# TRY IT
Return the following entries exactly, word for word.

┏━━

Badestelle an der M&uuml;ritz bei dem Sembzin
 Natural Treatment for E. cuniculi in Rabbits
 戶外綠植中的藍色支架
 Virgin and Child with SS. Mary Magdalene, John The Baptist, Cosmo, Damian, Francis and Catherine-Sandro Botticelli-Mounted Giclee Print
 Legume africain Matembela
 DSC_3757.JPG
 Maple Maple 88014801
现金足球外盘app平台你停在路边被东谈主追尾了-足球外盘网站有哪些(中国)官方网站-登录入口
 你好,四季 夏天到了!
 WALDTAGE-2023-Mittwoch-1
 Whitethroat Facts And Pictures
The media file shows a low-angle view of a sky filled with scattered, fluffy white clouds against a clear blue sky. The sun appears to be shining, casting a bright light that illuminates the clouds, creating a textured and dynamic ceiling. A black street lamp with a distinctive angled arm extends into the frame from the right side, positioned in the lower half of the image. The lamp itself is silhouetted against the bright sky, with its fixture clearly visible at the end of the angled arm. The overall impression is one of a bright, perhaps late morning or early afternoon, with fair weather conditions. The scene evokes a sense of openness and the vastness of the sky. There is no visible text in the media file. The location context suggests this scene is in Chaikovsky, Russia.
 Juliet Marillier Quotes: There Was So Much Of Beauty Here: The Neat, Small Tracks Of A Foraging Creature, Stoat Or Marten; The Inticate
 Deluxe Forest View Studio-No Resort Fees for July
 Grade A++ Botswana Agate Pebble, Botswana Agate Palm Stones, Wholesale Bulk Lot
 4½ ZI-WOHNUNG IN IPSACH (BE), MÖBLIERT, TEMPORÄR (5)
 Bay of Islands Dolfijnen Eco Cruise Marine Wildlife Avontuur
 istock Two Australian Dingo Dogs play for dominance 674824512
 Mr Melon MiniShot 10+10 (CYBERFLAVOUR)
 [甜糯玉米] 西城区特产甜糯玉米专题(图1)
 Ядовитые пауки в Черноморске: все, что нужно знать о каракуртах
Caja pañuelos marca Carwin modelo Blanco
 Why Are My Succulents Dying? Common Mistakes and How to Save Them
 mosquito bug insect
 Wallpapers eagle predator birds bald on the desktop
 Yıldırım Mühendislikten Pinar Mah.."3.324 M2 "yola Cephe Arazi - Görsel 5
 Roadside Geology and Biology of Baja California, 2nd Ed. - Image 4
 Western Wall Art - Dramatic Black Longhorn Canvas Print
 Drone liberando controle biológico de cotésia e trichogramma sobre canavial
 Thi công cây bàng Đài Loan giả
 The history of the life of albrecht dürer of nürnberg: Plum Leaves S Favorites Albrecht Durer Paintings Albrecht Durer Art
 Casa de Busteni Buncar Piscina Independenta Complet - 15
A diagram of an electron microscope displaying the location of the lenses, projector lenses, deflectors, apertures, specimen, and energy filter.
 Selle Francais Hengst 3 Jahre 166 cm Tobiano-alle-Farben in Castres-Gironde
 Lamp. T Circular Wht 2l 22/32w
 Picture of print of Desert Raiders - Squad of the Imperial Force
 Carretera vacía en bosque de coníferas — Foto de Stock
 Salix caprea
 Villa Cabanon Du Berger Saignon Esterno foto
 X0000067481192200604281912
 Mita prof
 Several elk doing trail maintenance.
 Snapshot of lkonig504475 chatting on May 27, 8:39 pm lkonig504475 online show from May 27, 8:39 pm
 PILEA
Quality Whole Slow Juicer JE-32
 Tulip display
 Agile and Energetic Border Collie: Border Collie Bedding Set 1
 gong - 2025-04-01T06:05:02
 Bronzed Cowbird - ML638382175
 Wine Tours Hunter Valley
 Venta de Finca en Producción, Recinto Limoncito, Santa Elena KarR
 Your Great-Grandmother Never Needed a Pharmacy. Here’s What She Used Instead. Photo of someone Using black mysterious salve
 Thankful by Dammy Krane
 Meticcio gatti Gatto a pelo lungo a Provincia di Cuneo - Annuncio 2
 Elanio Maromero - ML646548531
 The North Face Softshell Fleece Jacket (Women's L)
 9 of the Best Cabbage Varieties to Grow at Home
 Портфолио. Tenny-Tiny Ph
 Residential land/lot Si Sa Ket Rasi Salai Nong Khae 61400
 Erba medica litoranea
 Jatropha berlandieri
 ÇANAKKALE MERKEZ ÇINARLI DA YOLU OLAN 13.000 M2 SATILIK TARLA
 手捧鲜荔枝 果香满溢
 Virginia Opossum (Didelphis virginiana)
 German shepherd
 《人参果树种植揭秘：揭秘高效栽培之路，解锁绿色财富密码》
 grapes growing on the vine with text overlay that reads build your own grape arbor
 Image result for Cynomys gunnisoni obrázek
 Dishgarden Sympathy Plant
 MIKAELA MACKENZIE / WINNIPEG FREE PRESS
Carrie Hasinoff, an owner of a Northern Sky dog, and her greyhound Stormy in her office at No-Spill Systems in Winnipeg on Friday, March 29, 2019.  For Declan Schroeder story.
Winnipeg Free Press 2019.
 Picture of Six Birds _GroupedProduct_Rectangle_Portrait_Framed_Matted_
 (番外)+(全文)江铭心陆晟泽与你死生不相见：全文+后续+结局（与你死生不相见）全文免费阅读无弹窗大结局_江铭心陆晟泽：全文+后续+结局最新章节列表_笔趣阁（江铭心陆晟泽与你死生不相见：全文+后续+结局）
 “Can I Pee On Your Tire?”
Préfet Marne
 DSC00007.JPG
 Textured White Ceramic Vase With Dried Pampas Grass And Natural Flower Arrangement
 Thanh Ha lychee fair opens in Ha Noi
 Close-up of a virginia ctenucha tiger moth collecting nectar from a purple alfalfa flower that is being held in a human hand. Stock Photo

┗━━

# ANSWER SPACE
Badestelle an der M&uuml;ritz bei dem Sembzin
 Natural Treatment for E. cuniculi in Rabbits
 戶外綠植中的藍色支架
 Virgin and Child with SS. Mary Magdalene, John The Baptist, Cosmo, Damian, Francis and Catherine-Sandro Botticelli-Mounted Giclee Print
 Legume africain Matembela
 DSC_3757.JPG
 Maple Maple 88014801
现金足球外盘app平台你停在路边被东谈主追尾了-足球外盘网站有哪些(中国)官方网站-登录入口
 你好,四季 夏天到了!
 WALDTAGE-2023-Mittwoch-1
 Whitethroat Facts And Pictures
The media file shows a low-angle view of a sky filled with scattered, fluffy white clouds against a clear blue sky. The sun appears to be shining, casting a bright light that illuminates the clouds, creating a textured and dynamic ceiling. A black street lamp with a distinctive angled arm extends into the frame from the right side, positioned in the lower half of the image. The lamp itself is silhouetted against the bright sky, with its fixture clearly visible at the end of the angled arm. The overall impression is one of a bright, perhaps late morning or early afternoon, with fair weather conditions. The scene evokes a sense of openness and the vastness of the sky. There is no visible text in the media file. The location context suggests this scene is in Chaikovsky, Russia.
 Juliet Marillier Quotes: There Was So Much Of Beauty Here: The Neat, Small Tracks Of A Foraging Creature, Stoat Or Marten; The Inticate
 Deluxe Forest View Studio-No Resort Fees for July
 Grade A++ Botswana Agate Pebble, Botswana Agate Palm Stones, Wholesale Bulk Lot
 4½ ZI-WOHNUNG IN IPSACH (BE), MÖBLIERT, TEMPORÄR (5)
 Bay of Islands Dolfijnen Eco Cruise Marine Wildlife Avontuur
 istock Two Australian Dingo Dogs play for dominance 674824512
 Mr Melon MiniShot 10+10 (CYBERFLAVOUR)
 [甜糯玉米] 西城区特产甜糯玉米专题(图1)
 Ядовитые пауки в Черноморске: все, что нужно знать о каракуртах
Caja pañuelos marca Carwin modelo Blanco
 Why Are My Succulents Dying? Common Mistakes and How to Save Them
 mosquito bug insect
 Wallpapers eagle predator birds bald on the desktop
 Yıldırım Mühendislikten Pinar Mah.."3.324 M2 "yola Cephe Arazi - Görsel 5
 Roadside Geology and Biology of Baja California, 2nd Ed. - Image 4
 Western Wall Art - Dramatic Black Longhorn Canvas Print
 Drone liberando controle biológico de cotésia e trichogramma sobre canavial
 Thi công cây bàng Đài Loan giả
 The history of the life of albrecht dürer of nürnberg: Plum Leaves S Favorites Albrecht Durer Paintings Albrecht Durer Art
 Casa de Busteni Buncar Piscina Independenta Complet - 15
A diagram of an electron microscope displaying the location of the lenses, projector lenses, deflectors, apertures, specimen, and energy filter.
 Selle Francais Hengst 3 Jahre 166 cm Tobiano-alle-Farben in Castres-Gironde
 Lamp. T Circular Wht 2l 22/32w
 Picture of print of Desert Raiders - Squad of the Imperial Force
 Carretera vacía en bosque de coníferas — Foto de Stock
 Salix caprea
 Villa Cabanon Du Berger Saignon Esterno foto
 X0000067481192200604281912
 Mita prof
 Several elk doing trail maintenance.
 Snapshot of lkonig504475 chatting on May 27, 8:39 pm lkonig504475 online show from May 27, 8:39 pm
 PILEA
Quality Whole Slow Juicer JE-32
 Tulip display
 Agile and Energetic Border Collie: Border Collie Bedding Set 1
 gong - 2025-04-01T06:05:02
 Bronzed Cowbird - ML638382175
 Wine Tours Hunter Valley
 Venta de Finca en Producción, Recinto Limoncito, Santa Elena KarR
 Your Great-Grandmother Never Needed a Pharmacy. Here’s What She Used Instead. Photo of someone Using black mysterious salve
 Thankful by Dammy Krane
 Meticcio gatti Gatto a pelo lungo a Provincia di Cuneo - Annuncio 2
 Elanio Maromero - ML646548531
 The North Face Softshell Fleece Jacket (Women's L)
 9 of the Best Cabbage Varieties to Grow at Home
 Портфолио. Tenny-Tiny Ph
 Residential land/lot Si Sa Ket Rasi Salai Nong Khae 61400
 Erba medica litoranea
 Jatropha berlandieri
 ÇANAKKALE MERKEZ ÇINARLI DA YOLU OLAN 13.000 M2 SATILIK TARLA
 手捧鲜荔枝 果香满溢
 Virginia Opossum (Didelphis virginiana)
 German shepherd
 《人参果树种植揭秘：揭秘高效栽培之路，解锁绿色财富密码》
 grapes growing on the vine with text overlay that reads build your own grape arbor
 Image result for Cynomys gunnisoni obrázek
 Dishgarden Sympathy Plant
 MIKAELA MACKENZIE / WINNIPEG FREE PRESS
Carrie Hasinoff, an owner of a Northern Sky dog, and her greyhound Stormy in her office at No-Spill Systems in Winnipeg on Friday, March 29, 2019.  For Declan Schroeder story.
Winnipeg Free Press 2019.
 Picture of Six Birds _GroupedProduct_Rectangle_Portrait_Framed_Matted_
 (番外)+(全文)江铭心陆晟泽与你死生不相见：全文+后续+结局（与你死生不相见）全文免费阅读无弹窗大结局_江铭心陆晟泽：全文+后续+结局最新章节列表_笔趣阁（江铭心陆晟泽与你死生不相见：全文+后续+结局）
 “Can I Pee On Your Tire?”
Préfet Marne
 DSC00007.JPG
 Textured White Ceramic Vase With Dried Pampas Grass And Natural Flower Arrangement
 Thanh Ha lychee fair opens in Ha Noi
 Close-up of a virginia ctenucha tiger moth collecting nectar from a purple alfalfa flower that is being held in a human hand. Stock Photo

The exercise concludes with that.